# [ABOUT THIS EXERCISE]
Keep the images out while you retype all of the data exactly.

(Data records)
* * * *
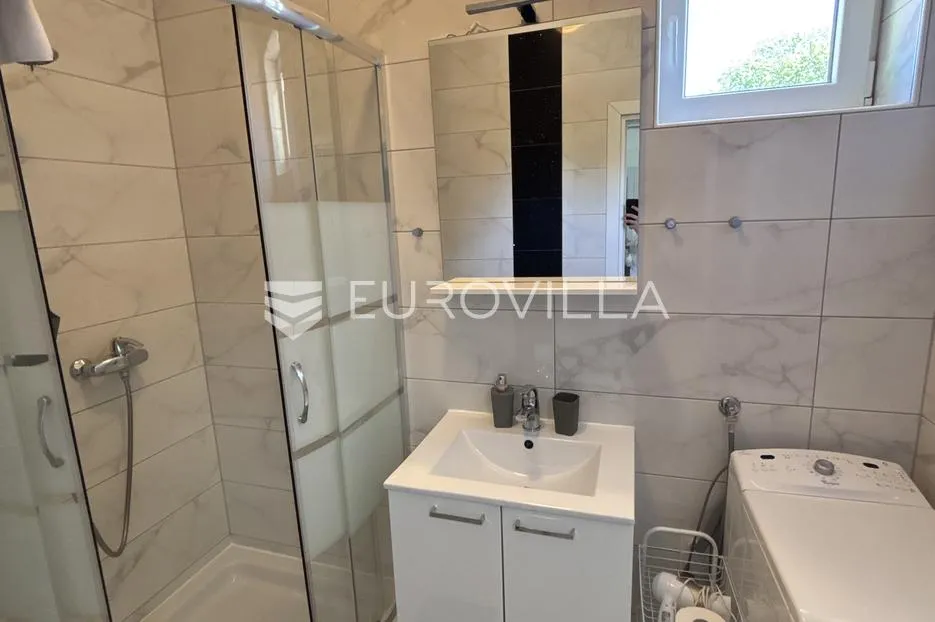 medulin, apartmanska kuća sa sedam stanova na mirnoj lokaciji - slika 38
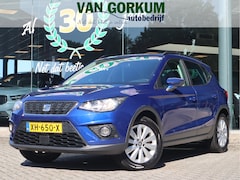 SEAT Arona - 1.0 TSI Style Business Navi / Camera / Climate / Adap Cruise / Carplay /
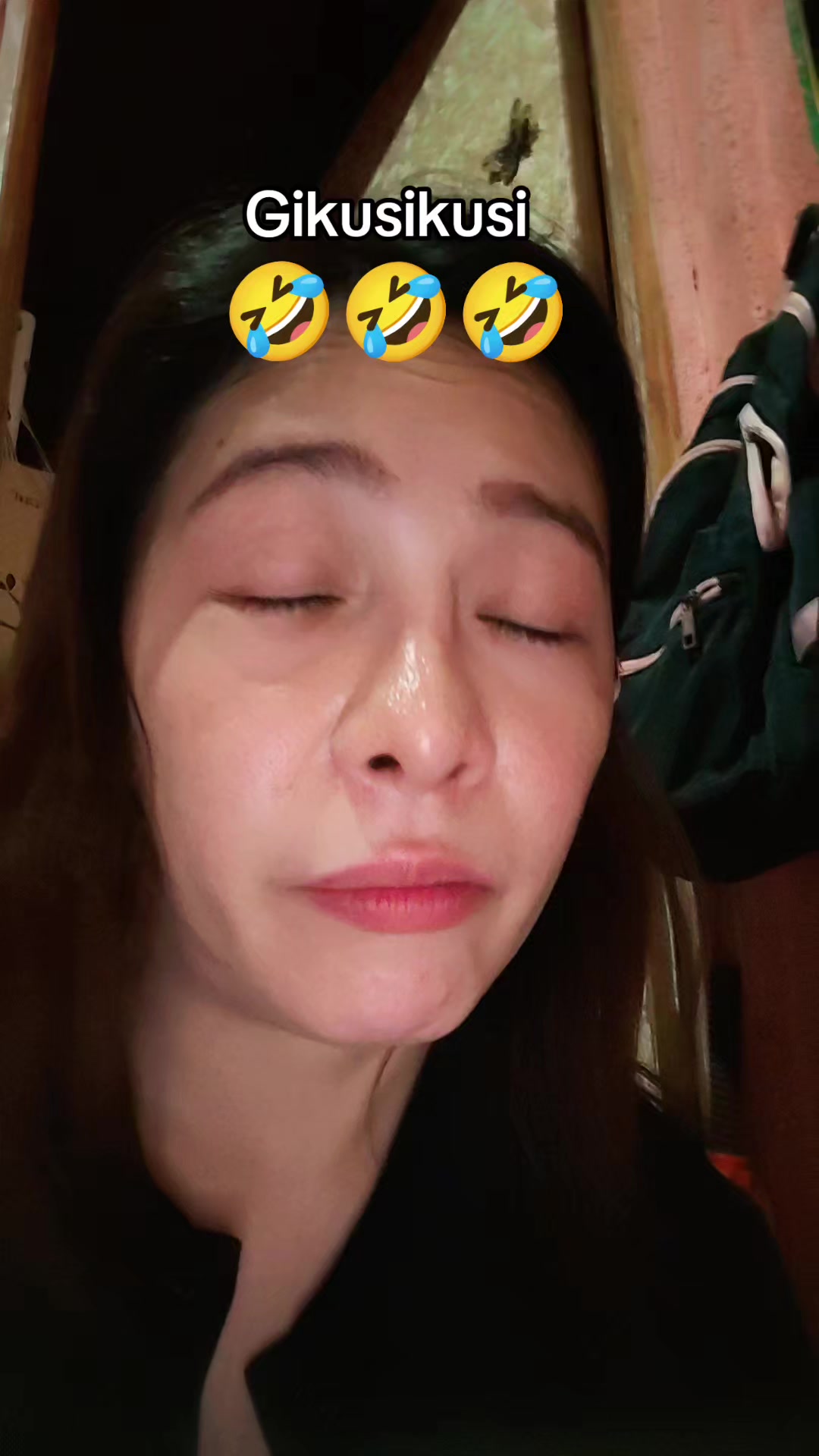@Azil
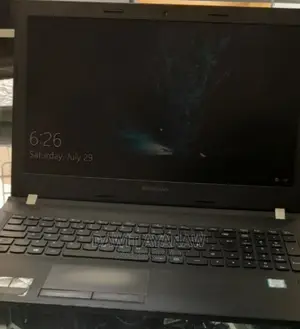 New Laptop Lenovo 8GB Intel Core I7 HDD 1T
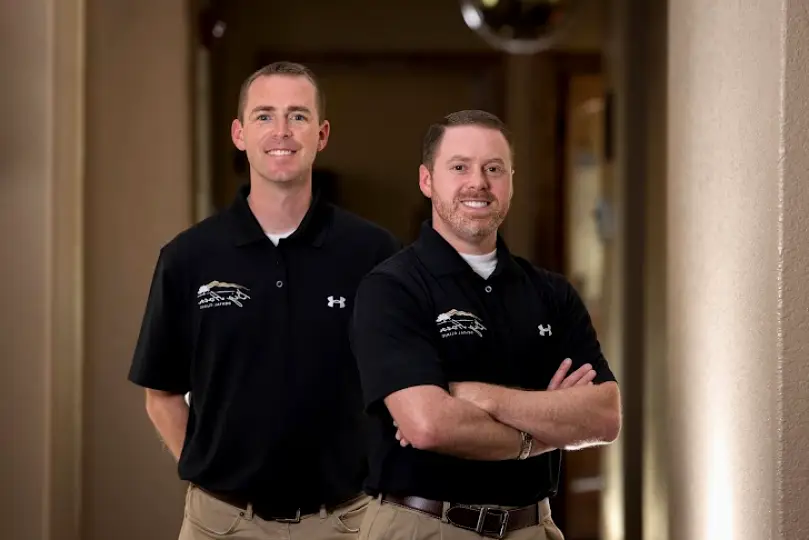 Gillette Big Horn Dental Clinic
* * * *
# [TASK RESPONSE]
 medulin, apartmanska kuća sa sedam stanova na mirnoj lokaciji - slika 38
 SEAT Arona - 1.0 TSI Style Business Navi / Camera / Climate / Adap Cruise / Carplay /
@Azil
 New Laptop Lenovo 8GB Intel Core I7 HDD 1T
 Gillette Big Horn Dental Clinic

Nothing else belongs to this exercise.